I am grateful for the opportunity to say a few words in this debate, Mr Speaker. I wish to start by declaring an interest: I chair the all-party parliamentary motor group, which receives secretarial support from the Society of Motor Manufacturers and Traders, the Motorsports Industry Association and the RAC Foundation.

I want to say a few words about why the stakes are so high for that industry and sector in terms of getting our approach to Brexit right. That is not a narrow parliamentary debating point. It is not about which faction is on the up or on the way down in the Conservative party—or indeed in any other organisation. We are talking about the future of that sector in this country. It is a sector that brings in £77.5 billion every year in revenue and which makes up almost 10% of manufacturing output. It is an industry on which literally hundreds of thousands of jobs up and down the country depend. This is about the livelihoods of people in the west midlands and in other parts of the UK. It is about reality. I want to focus my remarks on why, despite the vote earlier this week, I really think that continued customs union membership has to be a negotiating objective of our future relationship with Europe and why the so-called facilitated customs arrangement—whether it be max fac, quite fac, relatively fac or not very fac at all—just really will not cut it.

Every day, trucks deliver £35 million-worth of parts to the UK. Most of those are then shipped back to the European Union. The whole industry relies on a delicate system of just-in-time delivery, with the ability to move parts and goods within the European Union quickly and efficiently and with costs kept to a minimum. Any barrier to that frictionless movement will result in delays at the border, additional customs bureaucracy and extra costs to business.

Just think about Operation Stack and about how quickly the roads to the channel ports got gridlocked when industrial action in France caused delays three years ago. It cost the freight industry £750,000 every single day.

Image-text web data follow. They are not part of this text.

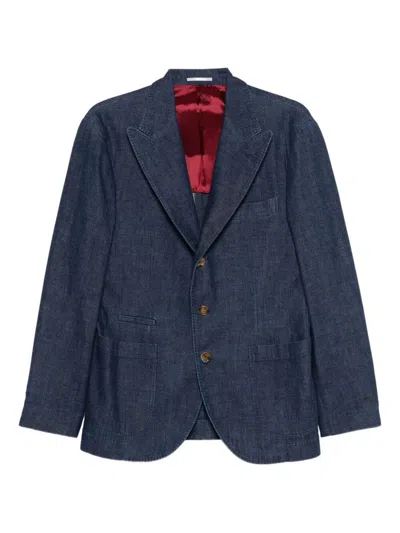 Brunello Cucinelli Single-breasted Cotton Denim Jacket With Patch Pockets In Blue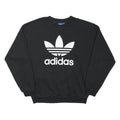 ADIDAS ORIGINALS Womens Black Sweatshirt Crew Neck UK 10 Cotton Blend Pullover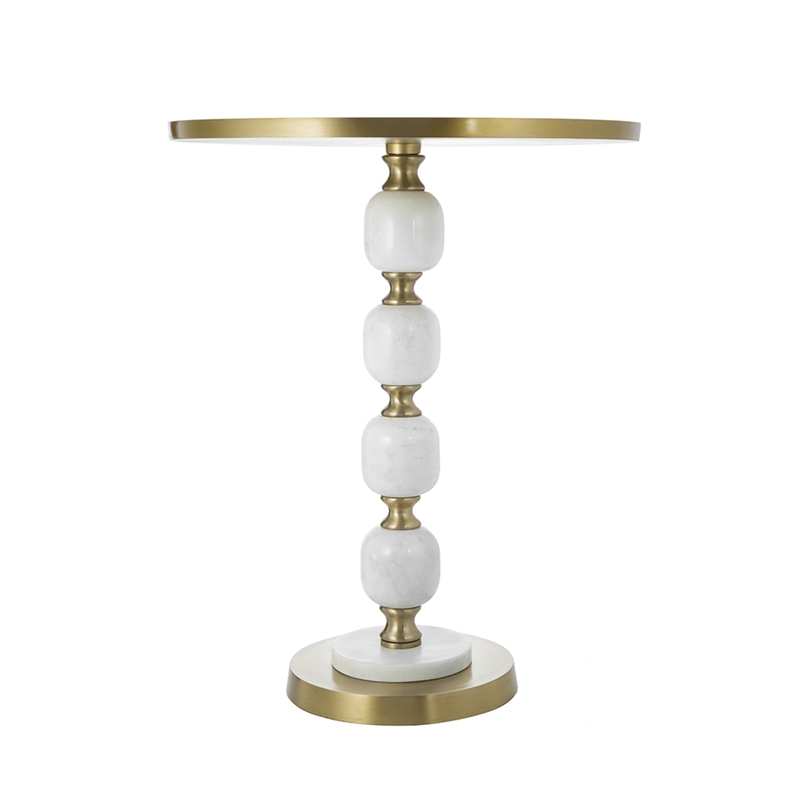 Siny Side End Table- 16 Inch Round Top- White- Gold Stacked Balls Base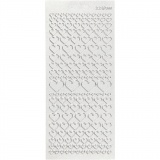 Sticker, Herzen, Blatt 10x23 cm, Silber, 1 Bl.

Just think about how quickly customs checks at our ports would cause the same kind of snarl-ups and about the millions that it would cost the automotive sector. I say to Members: do not just take that from me; listen to what the industry itself is saying. The Society of Motor Manufacturers and Traders issued this warning:

“Any customs model that fails to replicate the benefits of UK automotive’s current trading relationship with the EU is likely to create delays, disrupt highly efficient “just-in-time”
manufacturing and undermine competitiveness.”

As its chief executive Mike Hawes said in May:

“Continuation of customs union membership is a minimum for the car industry. ”

Just listen to the warning from Jaguar Land Rover, which said:

“a hard Brexit would cost £1.2 billion a year in trade tariffs and make it unprofitable to remain in the UK”.

Earlier this year, the Business, Energy and Industrial Strategy Committee warned:

“There are no advantages to be gained from Brexit for the automotive industry for the foreseeable future”.

Its warning must be taken seriously. It said that the most that we can hope for is

“an exercise in damage limitation”

Unfortunately, on current form, the Government are even falling short of that objective.